Le fondateur de La France insoumise s’est livré, lundi sur son blog, à une critique détaillée de la politique économique du gouvernement, mêlant vraies critiques et exagérations.

LE MONDE | 15.09.2017 à 14h40 • Mis à jour le 15.09.2017 à 16h45 | Par Adrien Sénécat

Emmanuel Macron, « le président des riches ». C’est le titre d’un billet de blog de Jean-Luc Mélenchon, publié lundi 11 septembre, dans lequel il se livre à une vaste critique de la politique économique du chef de l’Etat. Selon le député de La France insoumise, les « cadeaux » faits aux plus riches donnent « le vertige », tandis que les bas salaires ne profiteront que de gains « très réduits ». Et si certains exemples sont erronés, d’autres sont entièrement fondés. Nous avons fait le tri.

Une présentation trompeuse de la réforme de l’imposition du capital

CE QUE DIT JEAN-LUC MÉLENCHON

Emmanuel Macron a confirmé dans une interview au Point, à la fin d’août, sa promesse de campagne d’introduire un prélèvement forfaitaire unique (PFU) de 30 % sur l’ensemble des revenus du capital (à l’exception des livrets défiscalisés comme le Livret A, le Livret jeune et le Livret de développement durable ou LDD), là où il existait une multitude de régimes jusqu’ici.
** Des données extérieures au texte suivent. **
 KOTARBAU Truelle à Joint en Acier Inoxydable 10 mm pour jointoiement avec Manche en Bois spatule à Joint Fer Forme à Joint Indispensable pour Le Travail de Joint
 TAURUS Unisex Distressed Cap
Une réforme injuste, selon le fondateur de La France insoumise, car elle aboutirait à ce que tous les ménages paient un impôt au même taux, y compris les plus modestes, sur les revenus du capital :

« Quel que soit le montant du revenu qu’un foyer tire de ses rentes, d’intérêts, de loyers, de dividendes ou de plus-values, [le revenu du capital] sera imposé à 30 %. Seulement. C’est, au bénéfice de la caste, la fin du principe de progressivité de l’impôt. »

POURQUOI C’EST PLUS COMPLIQUÉ

A lire Jean-Luc Mélenchon, tous les contribuables paieront donc leurs impôts sur le capital au même taux, qu’ils soient sans revenus ou milliardaires. En réalité, ce prélèvement ne devrait s’appliquer que sur option : les contribuables continueront d’avoir la possibilité, s’ils y ont intérêt, d’intégrer leurs revenus d’épargne à l’impôt sur le revenu, précise le programme présidentiel d’Emmanuel Macron. Dès lors, les ménages non imposables ne s’acquitteront que des prélèvements sociaux, inférieurs au taux de 30 %.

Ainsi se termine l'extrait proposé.